---- DATASET EXTRACT
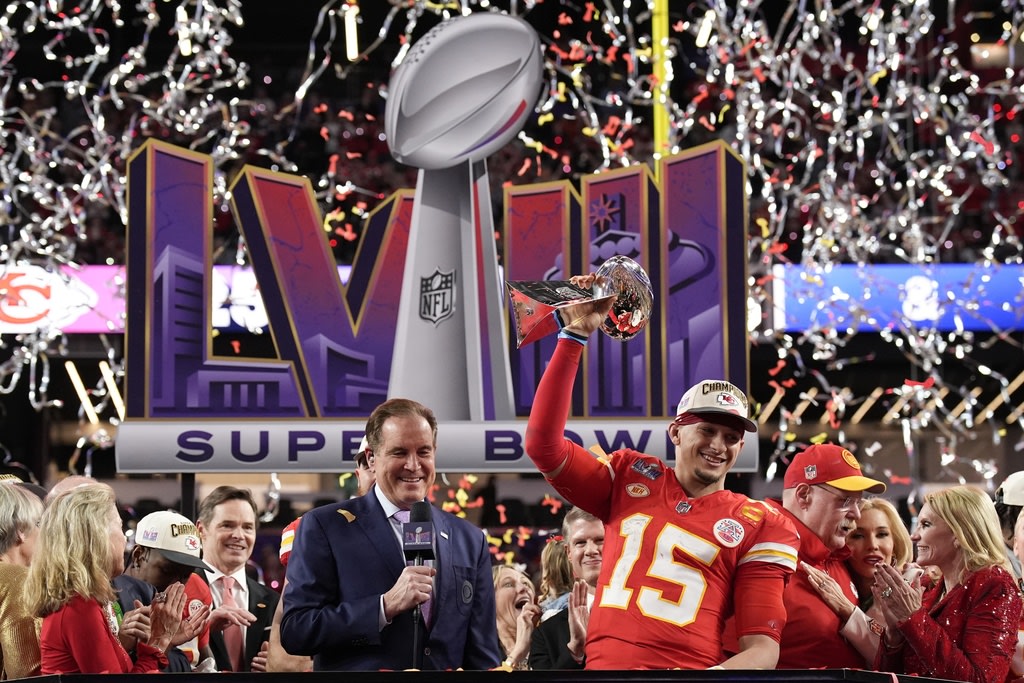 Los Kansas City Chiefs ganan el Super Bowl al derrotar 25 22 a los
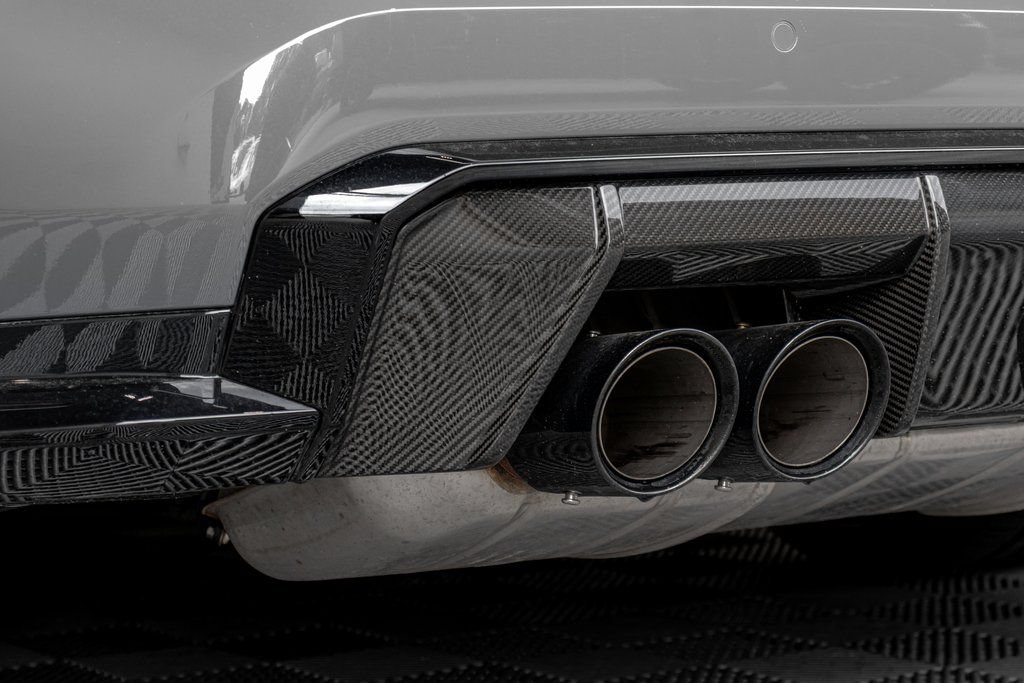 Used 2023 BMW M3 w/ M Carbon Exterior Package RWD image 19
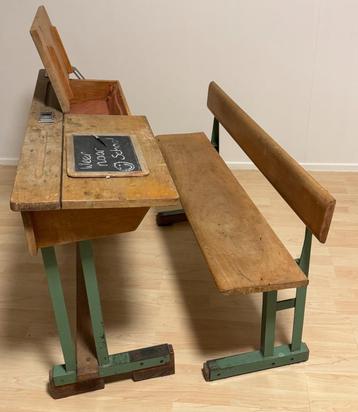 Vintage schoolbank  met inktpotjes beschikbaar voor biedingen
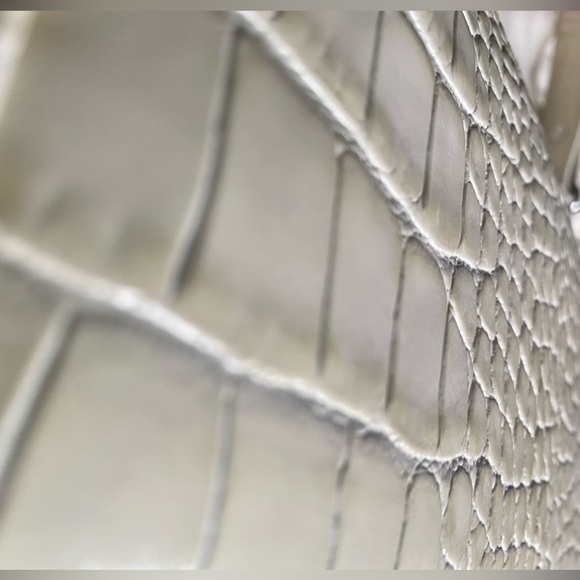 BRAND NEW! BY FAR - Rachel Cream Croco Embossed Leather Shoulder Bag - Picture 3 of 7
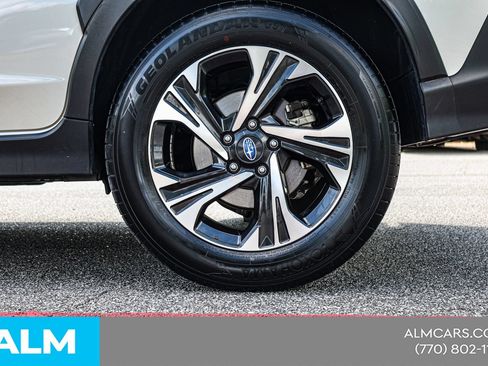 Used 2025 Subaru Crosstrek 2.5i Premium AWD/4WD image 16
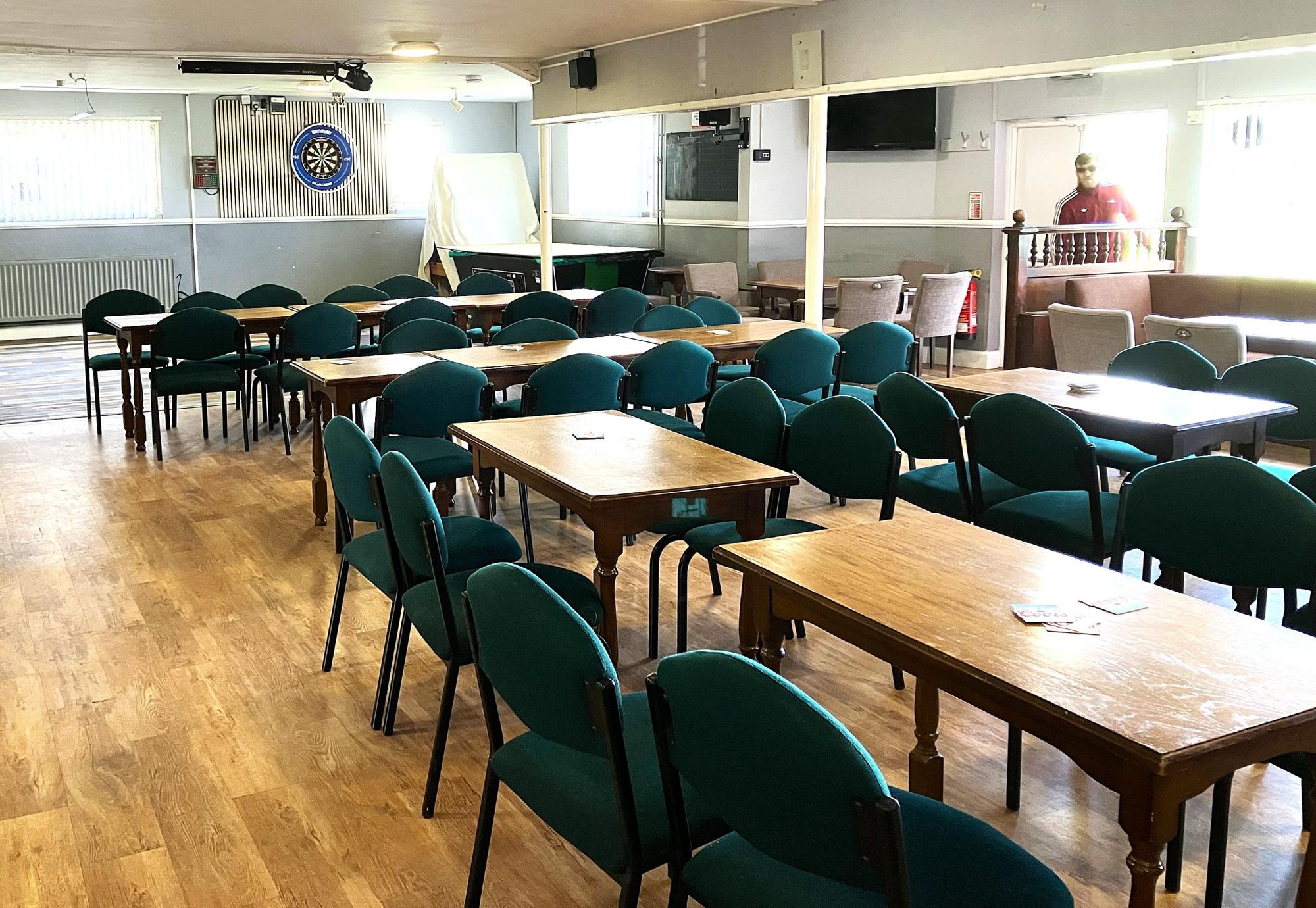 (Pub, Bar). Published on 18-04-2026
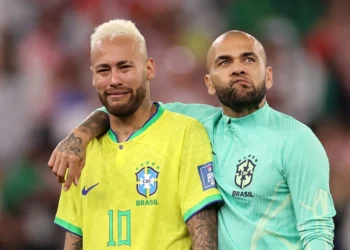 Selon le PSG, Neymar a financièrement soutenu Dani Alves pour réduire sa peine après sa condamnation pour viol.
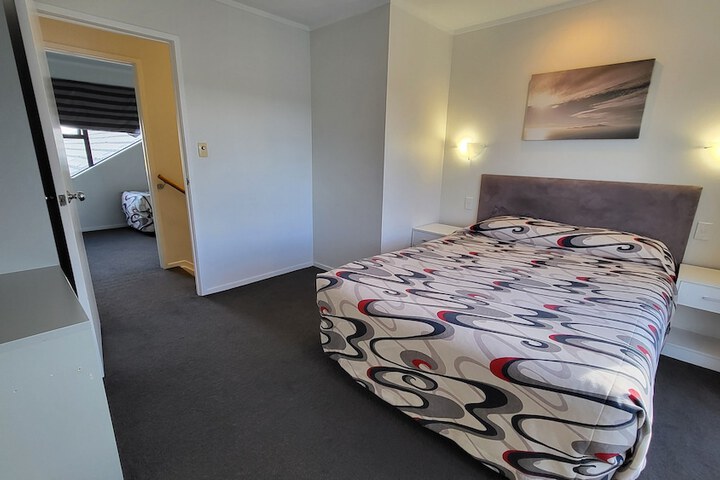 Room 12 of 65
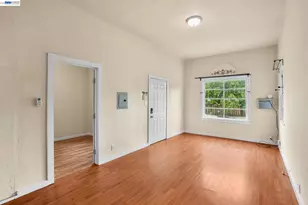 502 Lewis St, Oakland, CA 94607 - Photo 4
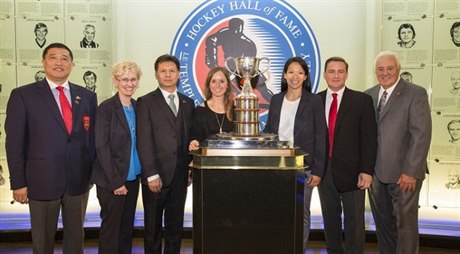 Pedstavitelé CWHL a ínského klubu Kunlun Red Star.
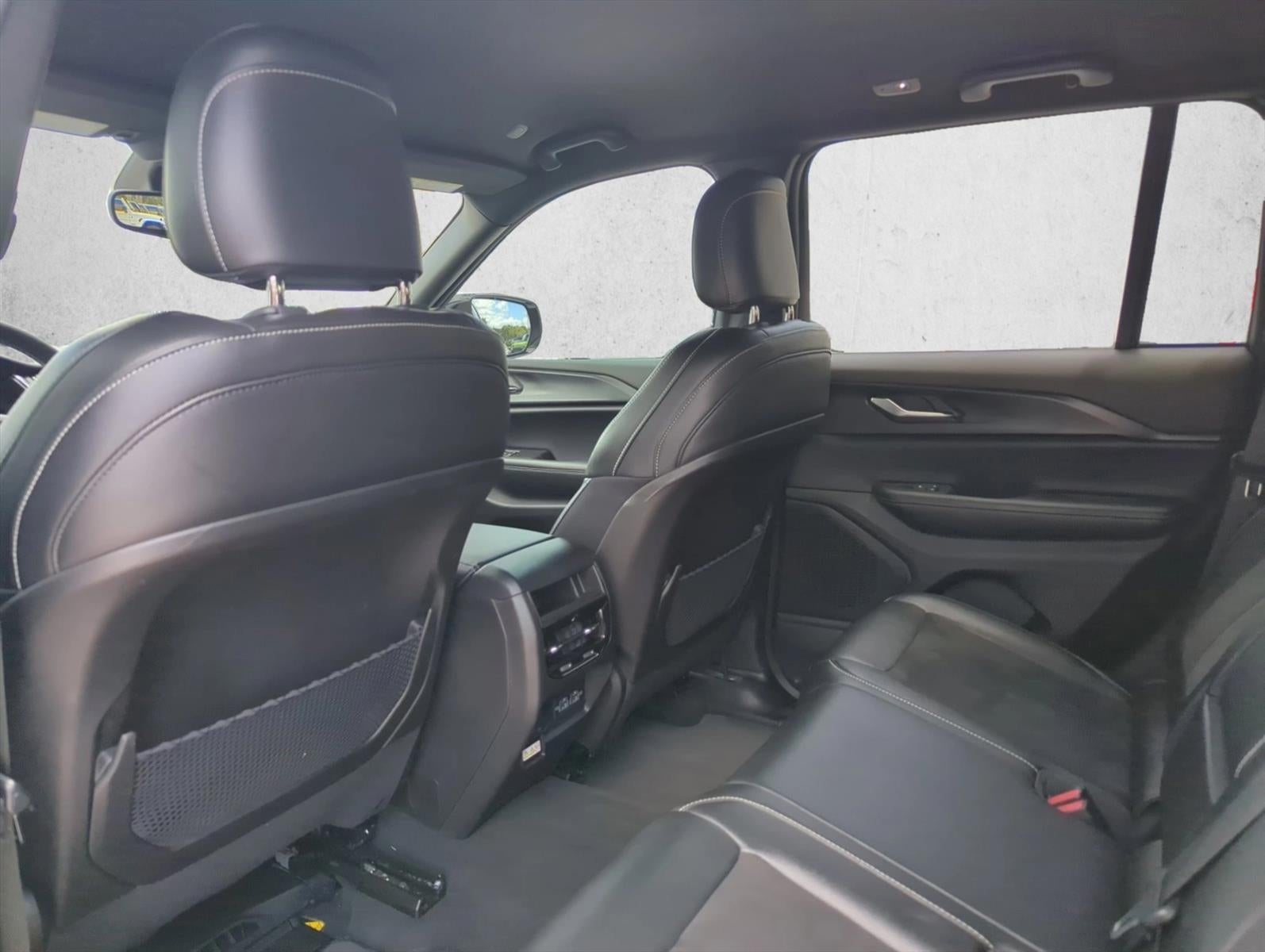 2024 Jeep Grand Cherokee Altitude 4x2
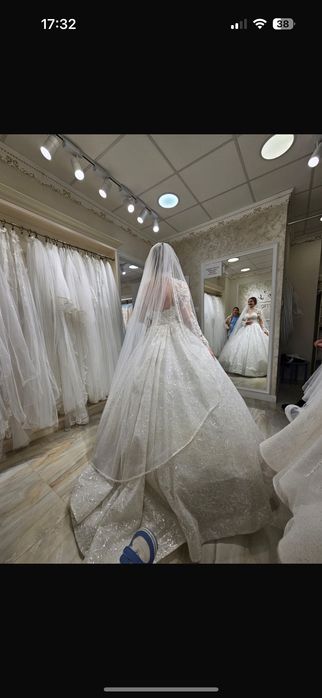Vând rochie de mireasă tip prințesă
--------
ABOUT THIS EXERCISE: Beginning with the line that contains "Pedstavitelé CWHL a" and ending with the last line of the data above, output those lines exactly and nothing more, without any pictures.

RESULT BELOW:
 Pedstavitelé CWHL a ínského klubu Kunlun Red Star.
 2024 Jeep Grand Cherokee Altitude 4x2
Vând rochie de mireasă tip prințesă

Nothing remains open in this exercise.